Ep.2: Implications of coronavirus for economies, markets, policy and the regulatory response

It’s a global medical emergency and a very unusual economic shock, a once-in-a-century event. The precipitous stock market drop has been faster than any in history. The monetary and fiscal response is equally unprecedented – extraordinary measures for extraordinary times. The economic toll will be severe, but the scale and duration of the damage are guesswork at this point.
To help understand what’s happening and what to look out for next, listen to Richard Mably, Head of News Performance at Refinitiv,  as he chaired a discussion with Reuters journalists reporting on the story

Discussion points:   

The problem
After bird flu, SARS and MERS, did warnings about the risk of a global flu pandemic fail to get sufficient attention; were there credible voices warning it would spread out of China?   

The policy reaction
Interest rates floored to zero again,  QE relaunched, “helicopter” payments straight to workers, loan guarantees, debt forbearance, tax breaks. What else can be done?
Are the markets missing the kind of global leadership provided by the advent of the G20 in 2008? 

The market reaction
Which are the industry sectors hit hardest and which are thriving. Any surprises on that front? 
The rush to cash and the dollar is signalling a global funding crunch. Can that be averted? 

What next?
What measures are being considered in Washington for a rolling back of post-2008 financial regulation?
What are the signs you’ll look for that the stock markets have bottomed a la March 6, 2009? 
What are the sorts of range of forecasts you’re seeing for global economic contraction by quarter and for the year? 
Once we’re in recovery, might there be another bout of deflation worries or, given all the money spent, is inflation going to be a concern?



Michelle Price Deputy Finance Editor, Americas, Reuters

Michelle is deputy finance editor for the Americas region at Reuters, based in Washington DC. She moved to the United States in August 2017 to run the financial policy file and lead coverage of the Trump administration’s financial regulation agenda, before which she was a reporter for Reuters in Hong Kong covering the opening up of the Chinese capital markets and the greater Asia region for four years. Born in London, England, Michelle was a technology and financial journalist in the UK for eight years before moving to Hong Kong. She has a B.A. Hons. and M.A. in history from the University of Cambridge. 

Josephine Mason Breaking Company News Editor Europe, Reuters

Josephine Mason runs EMEA companies news coverage for Reuters in London. She has been at Reuters for nearly nine years, joining in the commodities team in New York. In 2016, she moved to Beijing to report on China’s vast commodities market and then turned her hand to stock markets in Europe. Before Reuters, she worked for metals trade publication Metal Bulletin and news wire AFX News.

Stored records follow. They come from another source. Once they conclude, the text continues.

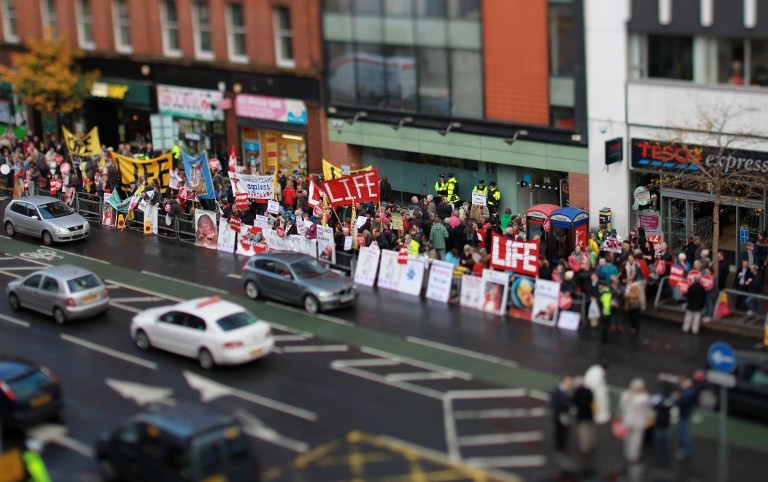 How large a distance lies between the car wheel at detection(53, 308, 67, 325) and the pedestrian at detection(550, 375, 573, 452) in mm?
15025

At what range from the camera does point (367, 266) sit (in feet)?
114

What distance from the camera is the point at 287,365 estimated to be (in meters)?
27.9

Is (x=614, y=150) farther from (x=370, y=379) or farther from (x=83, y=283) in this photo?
(x=83, y=283)

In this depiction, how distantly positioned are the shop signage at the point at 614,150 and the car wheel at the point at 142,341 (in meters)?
15.4

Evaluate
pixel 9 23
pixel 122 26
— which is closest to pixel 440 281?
pixel 122 26

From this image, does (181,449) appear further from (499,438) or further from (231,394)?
(499,438)

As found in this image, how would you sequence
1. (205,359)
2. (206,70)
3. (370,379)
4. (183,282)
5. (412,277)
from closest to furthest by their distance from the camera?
(370,379), (205,359), (412,277), (183,282), (206,70)

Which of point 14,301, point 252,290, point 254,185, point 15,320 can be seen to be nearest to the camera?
point 15,320

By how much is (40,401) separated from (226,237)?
15309mm

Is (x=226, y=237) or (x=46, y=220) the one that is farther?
(x=46, y=220)

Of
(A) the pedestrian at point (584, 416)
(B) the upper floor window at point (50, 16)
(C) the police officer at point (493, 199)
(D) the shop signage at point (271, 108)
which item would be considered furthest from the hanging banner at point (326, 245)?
(B) the upper floor window at point (50, 16)

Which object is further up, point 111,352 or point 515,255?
point 515,255

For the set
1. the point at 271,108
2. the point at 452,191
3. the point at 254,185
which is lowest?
the point at 452,191

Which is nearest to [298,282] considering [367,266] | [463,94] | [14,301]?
[367,266] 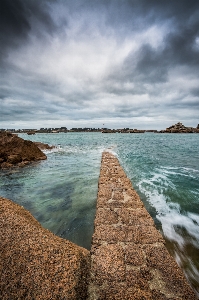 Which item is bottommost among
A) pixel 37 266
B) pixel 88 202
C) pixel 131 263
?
pixel 88 202

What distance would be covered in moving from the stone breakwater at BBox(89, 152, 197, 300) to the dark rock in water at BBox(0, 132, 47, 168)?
1022cm

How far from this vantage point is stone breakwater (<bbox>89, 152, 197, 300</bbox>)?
183 cm

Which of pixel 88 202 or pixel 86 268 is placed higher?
pixel 86 268

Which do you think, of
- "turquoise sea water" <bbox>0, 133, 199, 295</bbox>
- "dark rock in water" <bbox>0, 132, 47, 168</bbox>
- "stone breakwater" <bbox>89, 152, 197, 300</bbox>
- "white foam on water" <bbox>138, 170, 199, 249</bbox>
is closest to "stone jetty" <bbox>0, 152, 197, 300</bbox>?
"stone breakwater" <bbox>89, 152, 197, 300</bbox>

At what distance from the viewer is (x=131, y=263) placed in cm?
223

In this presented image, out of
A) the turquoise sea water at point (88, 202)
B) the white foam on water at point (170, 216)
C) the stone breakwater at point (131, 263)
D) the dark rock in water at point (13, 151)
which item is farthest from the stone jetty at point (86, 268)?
the dark rock in water at point (13, 151)

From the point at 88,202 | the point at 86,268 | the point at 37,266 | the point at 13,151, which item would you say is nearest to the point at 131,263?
the point at 86,268

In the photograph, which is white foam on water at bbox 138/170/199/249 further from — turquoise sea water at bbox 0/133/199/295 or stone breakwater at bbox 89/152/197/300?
stone breakwater at bbox 89/152/197/300

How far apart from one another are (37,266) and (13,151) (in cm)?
1202

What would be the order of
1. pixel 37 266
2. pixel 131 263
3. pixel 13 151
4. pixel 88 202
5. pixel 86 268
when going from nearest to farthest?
pixel 37 266 < pixel 86 268 < pixel 131 263 < pixel 88 202 < pixel 13 151

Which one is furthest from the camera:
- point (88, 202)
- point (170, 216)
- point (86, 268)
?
point (88, 202)

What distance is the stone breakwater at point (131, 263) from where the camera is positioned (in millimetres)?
1832

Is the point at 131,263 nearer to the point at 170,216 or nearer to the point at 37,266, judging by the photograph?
the point at 37,266

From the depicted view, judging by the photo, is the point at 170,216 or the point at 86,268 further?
the point at 170,216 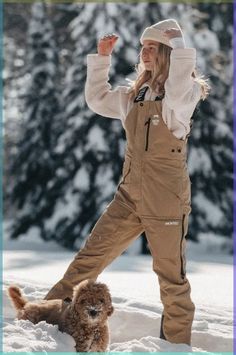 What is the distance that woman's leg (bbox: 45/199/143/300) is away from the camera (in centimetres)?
475

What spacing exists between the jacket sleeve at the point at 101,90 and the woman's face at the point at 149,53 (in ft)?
1.06

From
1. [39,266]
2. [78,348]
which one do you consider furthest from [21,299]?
[39,266]

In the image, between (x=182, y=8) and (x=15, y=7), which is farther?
(x=15, y=7)

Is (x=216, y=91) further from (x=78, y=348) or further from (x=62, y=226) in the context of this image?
(x=78, y=348)

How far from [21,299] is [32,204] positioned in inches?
582

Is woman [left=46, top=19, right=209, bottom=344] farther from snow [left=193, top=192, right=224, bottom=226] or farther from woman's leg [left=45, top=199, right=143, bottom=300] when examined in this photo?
snow [left=193, top=192, right=224, bottom=226]

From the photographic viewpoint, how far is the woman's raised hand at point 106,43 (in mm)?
4854

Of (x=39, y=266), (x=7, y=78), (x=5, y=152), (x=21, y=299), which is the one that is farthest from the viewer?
(x=5, y=152)

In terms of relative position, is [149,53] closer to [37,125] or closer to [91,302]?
[91,302]

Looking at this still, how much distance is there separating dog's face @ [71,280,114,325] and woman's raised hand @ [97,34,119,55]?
5.44 feet

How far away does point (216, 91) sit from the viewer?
17078mm

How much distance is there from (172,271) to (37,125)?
1612 centimetres

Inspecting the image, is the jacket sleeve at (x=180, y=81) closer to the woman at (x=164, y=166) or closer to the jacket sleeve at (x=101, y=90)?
the woman at (x=164, y=166)

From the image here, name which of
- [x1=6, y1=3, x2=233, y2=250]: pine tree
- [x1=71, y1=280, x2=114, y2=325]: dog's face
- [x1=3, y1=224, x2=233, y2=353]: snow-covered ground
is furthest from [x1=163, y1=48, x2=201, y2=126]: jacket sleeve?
[x1=6, y1=3, x2=233, y2=250]: pine tree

MODERATOR: Richard Mably Head of News Performance, Refinitiv

Richard Mably joined Refinitiv in January as Head of News Performance after 33 years as a financial reporter and editor, 25 of them at Reuters where he specialised in energy and spent many happy years chasing oil ministers at OPEC meetings. He was Global Commodities and Energy editor at Reuters from 1997 to 2013, editor for Europe, Middle East and Africa from 2014-2016 and Global Editor for Financial Markets, Commodities and Energy from 2017-2019. Before that he worked for Lloyds of London Press, Platts – where he set the cash price of Brent before futures took off – and AP-Dow Jones.

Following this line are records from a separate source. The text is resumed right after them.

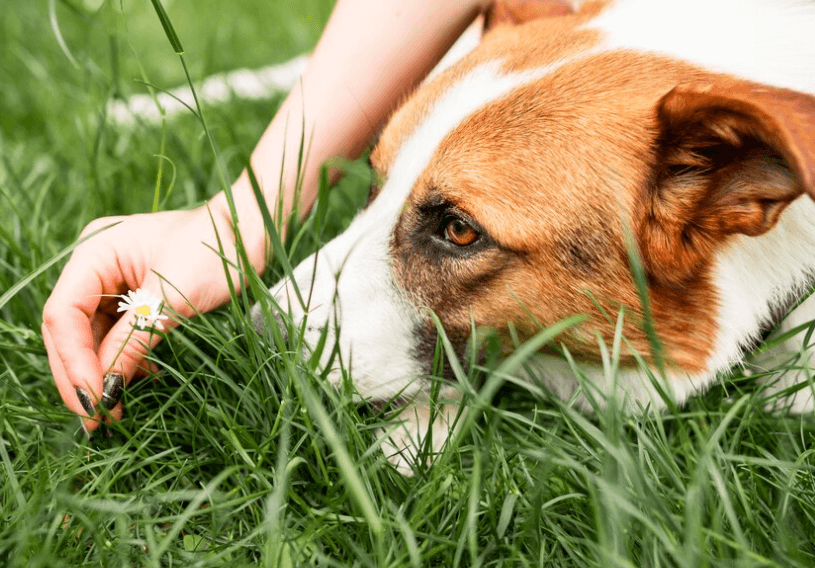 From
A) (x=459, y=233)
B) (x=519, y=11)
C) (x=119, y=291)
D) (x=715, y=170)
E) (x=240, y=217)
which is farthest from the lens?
(x=519, y=11)

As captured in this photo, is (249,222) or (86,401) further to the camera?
(249,222)

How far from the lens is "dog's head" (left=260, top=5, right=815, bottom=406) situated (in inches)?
75.7

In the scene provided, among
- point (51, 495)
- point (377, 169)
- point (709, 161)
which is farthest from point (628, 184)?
point (51, 495)

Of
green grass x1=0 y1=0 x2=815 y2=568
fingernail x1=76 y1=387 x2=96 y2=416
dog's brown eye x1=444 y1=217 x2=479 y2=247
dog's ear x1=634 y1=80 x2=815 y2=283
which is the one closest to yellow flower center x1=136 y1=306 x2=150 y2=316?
green grass x1=0 y1=0 x2=815 y2=568

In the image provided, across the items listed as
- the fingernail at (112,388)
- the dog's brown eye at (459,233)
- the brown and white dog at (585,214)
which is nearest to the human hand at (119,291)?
the fingernail at (112,388)

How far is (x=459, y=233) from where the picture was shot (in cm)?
199

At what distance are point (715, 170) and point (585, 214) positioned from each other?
0.34 m

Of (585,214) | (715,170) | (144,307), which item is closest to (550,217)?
(585,214)

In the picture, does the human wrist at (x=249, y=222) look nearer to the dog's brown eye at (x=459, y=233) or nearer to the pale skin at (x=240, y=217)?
the pale skin at (x=240, y=217)

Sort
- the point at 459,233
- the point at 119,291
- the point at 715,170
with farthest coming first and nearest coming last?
the point at 119,291
the point at 459,233
the point at 715,170

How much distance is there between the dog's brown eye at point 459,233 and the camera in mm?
1973

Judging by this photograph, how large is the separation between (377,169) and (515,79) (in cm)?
48

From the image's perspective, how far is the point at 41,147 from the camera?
364 cm

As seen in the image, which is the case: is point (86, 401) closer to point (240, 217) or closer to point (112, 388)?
point (112, 388) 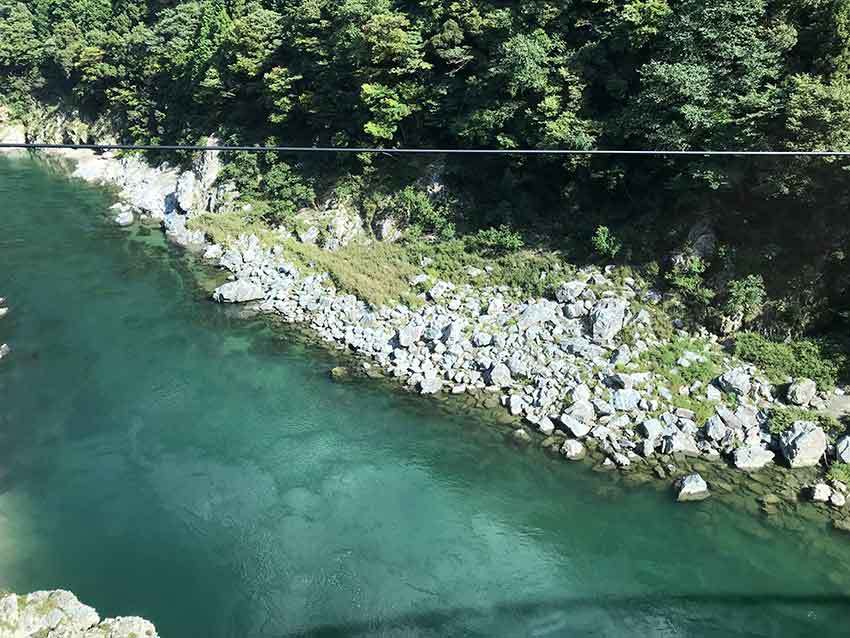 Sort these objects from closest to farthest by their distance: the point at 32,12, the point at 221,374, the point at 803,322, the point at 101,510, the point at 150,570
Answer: the point at 150,570 < the point at 101,510 < the point at 803,322 < the point at 221,374 < the point at 32,12

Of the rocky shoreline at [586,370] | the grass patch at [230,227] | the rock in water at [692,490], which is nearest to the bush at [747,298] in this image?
the rocky shoreline at [586,370]

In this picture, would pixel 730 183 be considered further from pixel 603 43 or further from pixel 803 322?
pixel 603 43

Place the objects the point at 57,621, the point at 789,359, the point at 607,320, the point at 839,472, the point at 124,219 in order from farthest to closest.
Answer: the point at 124,219
the point at 607,320
the point at 789,359
the point at 839,472
the point at 57,621

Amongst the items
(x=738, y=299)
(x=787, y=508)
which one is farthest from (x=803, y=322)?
(x=787, y=508)

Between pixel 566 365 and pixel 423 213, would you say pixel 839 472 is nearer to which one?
pixel 566 365

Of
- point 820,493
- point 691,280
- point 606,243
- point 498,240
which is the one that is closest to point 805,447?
point 820,493

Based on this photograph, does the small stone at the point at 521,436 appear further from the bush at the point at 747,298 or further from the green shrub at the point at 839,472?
the bush at the point at 747,298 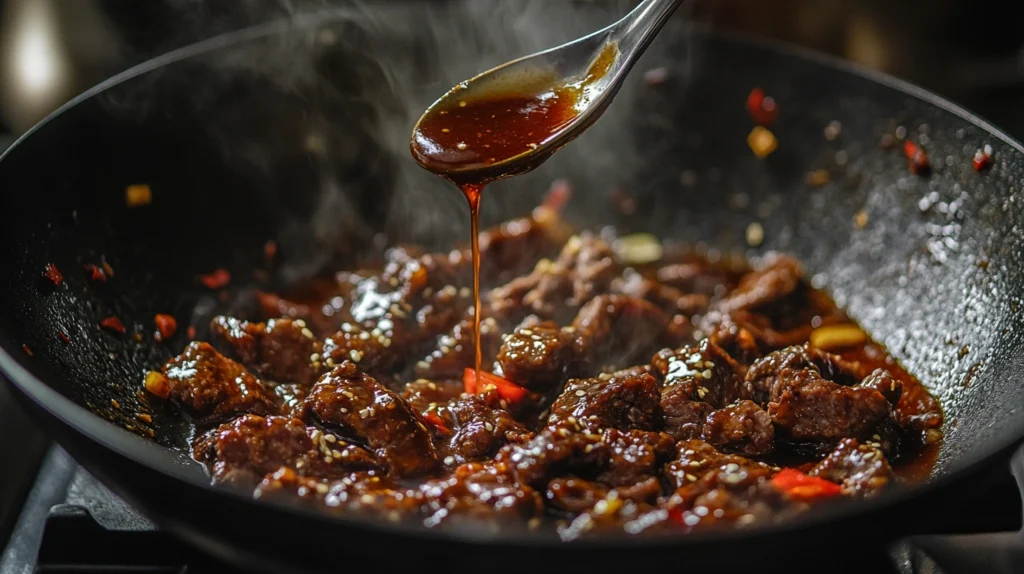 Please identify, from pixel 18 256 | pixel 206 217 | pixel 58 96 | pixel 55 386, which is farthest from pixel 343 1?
pixel 55 386

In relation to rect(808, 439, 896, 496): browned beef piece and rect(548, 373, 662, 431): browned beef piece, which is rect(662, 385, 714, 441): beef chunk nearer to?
rect(548, 373, 662, 431): browned beef piece

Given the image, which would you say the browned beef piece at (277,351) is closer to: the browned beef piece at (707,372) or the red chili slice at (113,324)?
the red chili slice at (113,324)

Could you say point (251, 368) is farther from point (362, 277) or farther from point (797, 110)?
point (797, 110)

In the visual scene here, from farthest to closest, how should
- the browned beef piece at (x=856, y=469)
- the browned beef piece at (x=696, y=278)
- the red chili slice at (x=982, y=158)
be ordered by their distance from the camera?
1. the browned beef piece at (x=696, y=278)
2. the red chili slice at (x=982, y=158)
3. the browned beef piece at (x=856, y=469)

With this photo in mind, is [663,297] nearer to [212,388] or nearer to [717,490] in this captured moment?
[717,490]

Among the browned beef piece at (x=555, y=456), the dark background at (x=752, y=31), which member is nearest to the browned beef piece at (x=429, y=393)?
the browned beef piece at (x=555, y=456) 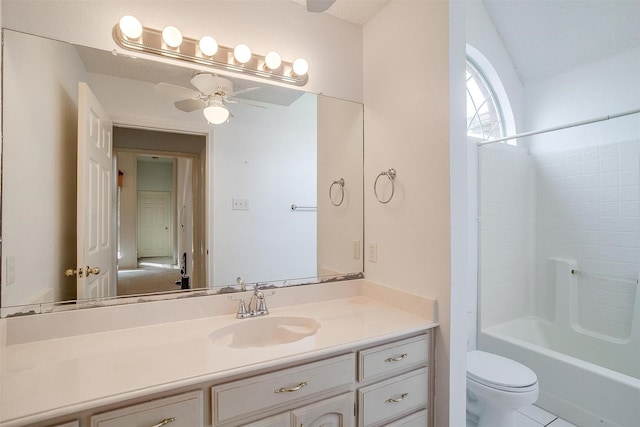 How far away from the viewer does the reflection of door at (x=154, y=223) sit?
4.52ft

Mike Dolan Editor-at-Large for Finance & Markets, Reuters

Mike Dolan is Reuters  Editor-at-Large for Finance & Markets and has worked as an editor, correspondent and columnist at Reuters for the past 25 years - specializing in global economics, policymaking and financial markets across the G7 and emerging economies. A graduate in economics and politics from Trinity College Dublin, Mike previously worked with Bloomberg and Euromoney and received Reuters awards for his work during the financial crisis in 2007/2008 and on frontier markets in 2010. He was a regular Reuters columnist in the International New York Times between 2010 and 2015 and has this year re-started a twice weekly column for Reuters clients including Refinitiv. 

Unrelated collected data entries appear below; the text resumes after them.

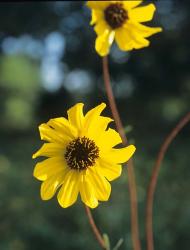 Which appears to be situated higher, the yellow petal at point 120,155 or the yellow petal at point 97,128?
the yellow petal at point 97,128

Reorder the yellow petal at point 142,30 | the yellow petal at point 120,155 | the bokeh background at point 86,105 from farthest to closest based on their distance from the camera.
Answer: the bokeh background at point 86,105, the yellow petal at point 142,30, the yellow petal at point 120,155

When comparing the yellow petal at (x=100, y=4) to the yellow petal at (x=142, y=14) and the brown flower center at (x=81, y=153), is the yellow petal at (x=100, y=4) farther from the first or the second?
the brown flower center at (x=81, y=153)

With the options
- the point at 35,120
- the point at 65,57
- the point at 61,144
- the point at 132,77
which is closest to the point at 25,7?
the point at 65,57

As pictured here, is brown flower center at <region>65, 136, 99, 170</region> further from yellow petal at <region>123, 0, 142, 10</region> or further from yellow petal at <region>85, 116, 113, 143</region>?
yellow petal at <region>123, 0, 142, 10</region>

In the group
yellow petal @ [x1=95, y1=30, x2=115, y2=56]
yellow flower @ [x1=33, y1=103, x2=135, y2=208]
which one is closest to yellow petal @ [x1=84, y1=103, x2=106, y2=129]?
yellow flower @ [x1=33, y1=103, x2=135, y2=208]

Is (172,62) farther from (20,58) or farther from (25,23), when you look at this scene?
(20,58)

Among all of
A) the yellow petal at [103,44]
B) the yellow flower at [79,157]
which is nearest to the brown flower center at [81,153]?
the yellow flower at [79,157]

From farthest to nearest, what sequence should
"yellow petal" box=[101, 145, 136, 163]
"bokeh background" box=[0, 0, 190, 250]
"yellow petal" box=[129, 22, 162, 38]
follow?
"bokeh background" box=[0, 0, 190, 250] < "yellow petal" box=[129, 22, 162, 38] < "yellow petal" box=[101, 145, 136, 163]

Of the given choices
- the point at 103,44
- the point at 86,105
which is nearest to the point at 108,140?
the point at 103,44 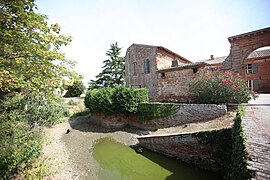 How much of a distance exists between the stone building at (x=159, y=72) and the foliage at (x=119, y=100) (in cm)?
328

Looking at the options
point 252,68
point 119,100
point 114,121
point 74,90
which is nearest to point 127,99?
point 119,100

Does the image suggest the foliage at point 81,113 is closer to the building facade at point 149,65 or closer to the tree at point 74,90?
the building facade at point 149,65

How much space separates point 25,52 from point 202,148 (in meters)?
7.77

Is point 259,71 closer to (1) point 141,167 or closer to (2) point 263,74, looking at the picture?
(2) point 263,74

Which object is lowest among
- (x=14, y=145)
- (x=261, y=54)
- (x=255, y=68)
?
(x=14, y=145)

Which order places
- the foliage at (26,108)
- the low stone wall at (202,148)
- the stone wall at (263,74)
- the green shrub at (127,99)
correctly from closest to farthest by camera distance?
the low stone wall at (202,148) → the foliage at (26,108) → the green shrub at (127,99) → the stone wall at (263,74)

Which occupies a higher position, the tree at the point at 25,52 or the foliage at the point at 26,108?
the tree at the point at 25,52

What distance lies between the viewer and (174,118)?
9.89 metres

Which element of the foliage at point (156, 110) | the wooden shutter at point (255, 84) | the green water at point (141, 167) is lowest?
the green water at point (141, 167)

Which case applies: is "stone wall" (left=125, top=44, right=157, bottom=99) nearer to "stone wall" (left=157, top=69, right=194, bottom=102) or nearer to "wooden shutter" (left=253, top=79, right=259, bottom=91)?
"stone wall" (left=157, top=69, right=194, bottom=102)

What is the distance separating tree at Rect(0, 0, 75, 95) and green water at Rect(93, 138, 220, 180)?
15.6 ft

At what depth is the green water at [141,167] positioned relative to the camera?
5641mm

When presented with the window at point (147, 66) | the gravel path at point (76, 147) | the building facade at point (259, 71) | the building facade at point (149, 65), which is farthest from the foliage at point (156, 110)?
the building facade at point (259, 71)

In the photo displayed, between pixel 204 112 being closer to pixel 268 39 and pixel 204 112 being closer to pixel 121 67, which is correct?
pixel 268 39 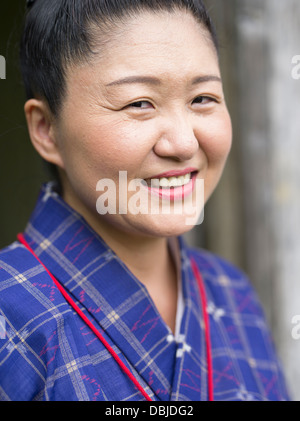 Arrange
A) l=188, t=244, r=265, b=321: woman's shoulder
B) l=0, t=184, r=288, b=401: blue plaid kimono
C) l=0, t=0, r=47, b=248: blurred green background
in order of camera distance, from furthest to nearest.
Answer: l=188, t=244, r=265, b=321: woman's shoulder < l=0, t=0, r=47, b=248: blurred green background < l=0, t=184, r=288, b=401: blue plaid kimono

Daniel Burns Editor, U.S Economics, Reuters

Dan Burns is Reuters’ U.S. Economics Editor. His team of reporters across the country is responsible for coverage of the U.S. Federal Reserve and the U.S. economy at large. He is also coordinates Reuters’ global central bank coverage in partnership with economics editors in Europe and Asia. A 1985 graduate of the University of Notre Dame, and with a masters degree in journalism from the University of Maryland, Mr. Burns has been in the news business for nearly three decades and has been with Reuters for more than 22 years. He joined Reuters in 1997 as a corporate news reporter in New York and has taken a series of more senior roles throughout his Reuters career. He oversaw the creation of Reuters’ first unified U.S. financial markets news unit in 2005, combining previously disparate teams reporting on the U.S. stock, bond and currency markets into a single operation positioned to better track and analyze the flow of money across assets. He has also held other leadership positions, including U.S. General News Editor and regional financial markets editor for the Americas, and has worked extensively with Reuters financial video operations.